Raucci takes up the story, explaining how after some preliminary research it was decided to focus on the containership sector and the segment of small boxships or feeders serving intra-Asian routes particularly from Singapore towards Hong Kong. “This was because it was thought that the energy transition of the feeder fleet has the potential to act as catalyst for all the other ships calling in Singapore or Honk Kong,” says Raucci, “and because there’s a high volume of traffic between these major hubs” – thereby corresponding with the idea of green corridors as major trade arteries where collaboration among different stakeholders would enable new investments.
“The aim of this project is to progress the IRL levels and eventually unlock small-case commercial trials on the path to reach zero-emissions by 2050 by providing more details on how the identified feeder fleet in this area could transition to zero-carbon fuel. We wanted to start to understand what challenges would be involved for a given type of fleet and to define how that fleet would transition to other fuel.”
Some 200 vessels are involved in the target study, which will also look at what developments will be needed on the supply side for the production, transport and delivery to a port like Singapore of alternative fuels. “The end goal of the project will be to evaluate a common cost for both the target fleet and infrastructure,” says Raucci, “which will include analysis of the cost of producing both ‘blue’ and ‘green’ ammonia in different southeast and neighbouring countries.”
Already nearly 60 different configurations of production and supply have been identified, he adds, and assessment of the methodology to be used is currently being finalised, “at which point we can engage more with other stakeholders”. The project started three months ago and is expected to be finished before the 26th UN Climate Change Conference of the Parties (COP 26) due to take place in Glasgow from 31 October through 12 November.

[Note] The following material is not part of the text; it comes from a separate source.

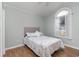 Cozy bedroom with a decorative window, ceiling fan, and light-colored walls at 2654 Wild Game Trail, Myrtle Beach, SC 29588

“This particular project focuses on the investment challenge,” Raucci says, “but everything is linked, including, for example, the technology challenges of scale or the safety aspects of handling new fuels or the community acceptance of having ships carrying fuels like hydrogen calling major ports close to high-density urban populations.” In the final analysis such problems can doubtless be overcome, however, he believes – as has happened with widespread acceptance of LNG as a marine fuel despite initial safety fears.
“By applying the innovative Zero‑Carbon Fuel Monitor framework we at LR believe can really progress the sustainable transition of the shipping industry,” he concludes. “It’s pushing us towards innovation and is quite extensive, giving us holistic ‘big picture’ answers. We’re very proud of how it’s coming along and hope it will have a significant impact.”